Only where state regulation imposes an "undue burden" on a woman's ability to make this decision does the power of the State reach into the heart of the [abortion liberty].

Their definition of undue burden was any regulation that has "the effect of placing a substantial obstacle in the path of a woman's choice." This new "undue burden" standard was vague to say the least. The Chief Justice, William Rehnquist, predicted that this standard would do nothing to stop judges from interfering as they pleased with abortion laws. His prediction, as we all know, has come true.

This new decision was just as Court-invented as the Roe decision was. Justices O'Connor, Kennedy, and Souter justified their ruling by saying that in the nearly 20 years (at that time) since Roe v. Wade, American society had become too accustomed to abortion on demand to allow for a complete reversal of the Roe decision's central tenet: that a woman has a constitutional right to terminate an unwanted pregnancy. The majority also suggested that the Supreme Court's prestige could be damaged if it appeared to bow to political pressure by overruling Roe all at once.

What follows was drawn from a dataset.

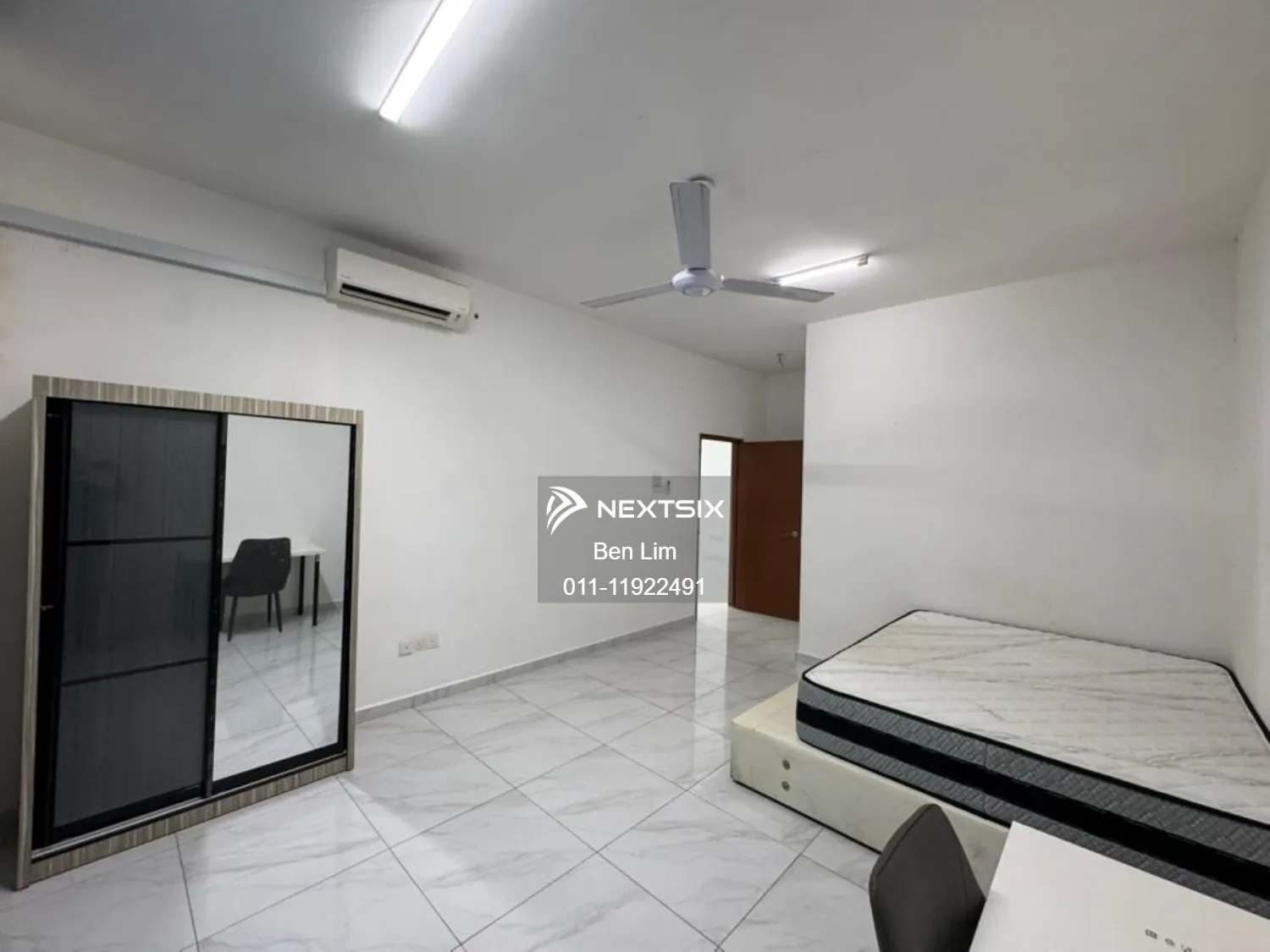 Semi-detached House For Rent in Johor Bahru Johor - Image 3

Just how do these judges think they can understand the American public better than elected legislators can? Your guess is as good as mine. In any event, since courts are not supposed to intrude on public policy decisions, it is inappropriate for a judge to worry about the social and political consequences of a correct ruling, let alone to place a court's public "prestige" before the law. Of course, in justifying their opinion, O'Connor, Kennedy, and Souter conveniently overlooked the fact that the Texas law that was improperly struck down in Roe had been in effect for more than a century. And this law explicitly stated that a human fetus has a right to live. Twenty years of unconstitutional jurisprudence cannot possibly have the same weight as 116 years of the State of Texas granting legal protection to children in the womb!

The Casey authors' claims of concern for "societal habit" and "court prestige" have a very simple translation: 'We are just too afraid of the militant pro-abortion movement to give Roe the axe!' This expression of fear could, of course, be a perfect cover for a judge's own pro-abortion bias: 'Don't blame me; it's all the fault of those other judges.'

By refusing to completely overrule the unethical and immoral Roe decision, these judges set the stage for the proliferation of the partial-birth abortion/infanticide. Thousands of mostly-born infants have suffered this truly horrible death because of their foolishness and cowardice.


You can read the Court's entire opinion in Casey v. Planned Parenthood on Findlaw.com.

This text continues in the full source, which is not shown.